Die Straßenbahn hielt an der Haltestelle „Gleisdreieck“ auf der Ruhrorter Strasse in Höhe der Rheinanlagen, fuhr dann rückwärts in die Straße „Rheinanlagen“, um anschließend vorwärts wieder auf die Ruhrorter Strasse in Richtung Ruhrort herauszufahren.
Ein Gleisdreieck dient bei den Straßenbahnen zum Wenden von Einrichtungsfahrzeugen. Die Gleisdreiecke werden meist in Straßenzügen angelegt, wenn aus Platzgründen keine Wendeschleife möglich war. Sie sind so angelegt, dass die Straßenbahn erst an ihnen vorbeifährt, dann rückwärts in das Stumpfgleis hinein- und anschließend vorwärts wieder herausfährt.

Schon am 11. Dezember 1908 fand die Straßenbahn von hier aus Anschluss an das bereits fertig gestellte Schienennetz Homberg – Moers, wobei hier am Goetheplatz nach Moers oder Ruhrort umgestiegen werden konnte.
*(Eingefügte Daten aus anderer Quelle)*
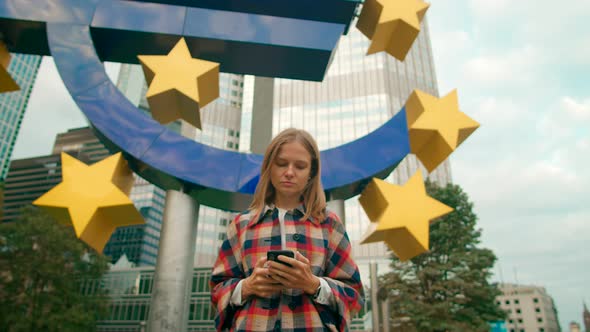 Lady Uses Mobile App on Smartphone Walking By Euro Sign in Business District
Einige Zeit später wurde das Schienennetz von Moers nach Ruhrort und zurück durchgehend verlegt; das umständliche Rangieren und Umsteigen entfiel somit.
Am 01. Juli 1909 entstanden die Linie Homberg – Friemersheim und 1910 die Strecke Homberg – Baerl. Nachdem die Straßenbahn ca. 45 Jahre dem öffentlichen Verkehr in Homberg gedient hatte, fand am 16. Mai 1953 ihre letzte Fahrt statt; von da an wurden bis 1967 Oberleitungsbusse (O-Busse) eingesetzt, ehe normale Busse diese Linien übernahmen.

Während des Ausbaues der Strasse „Rheinanlagen“ und eines Teilstücks der Ruhrorter Strasse in Höhe der Rheinanlagen wurden im Jahre 2006 vermutlich die letzten Straßenbahnschienen Hombergs entfernt. Der Archivar des Freundeskreis Historisches Homberg e. V., Franz Gerd Gehnen, hat aus einem Teil dieser Schienen eine Skulptur entworfen. Die Skulptur mit dem Namen „Gleisdreieck“ wurde inzwischen an der Ecke Ruhrorter Strasse und Rheinanlagen zur Erinnerung an die Homberger Straßenbahngeschichte von 1907-1953 aufgestellt.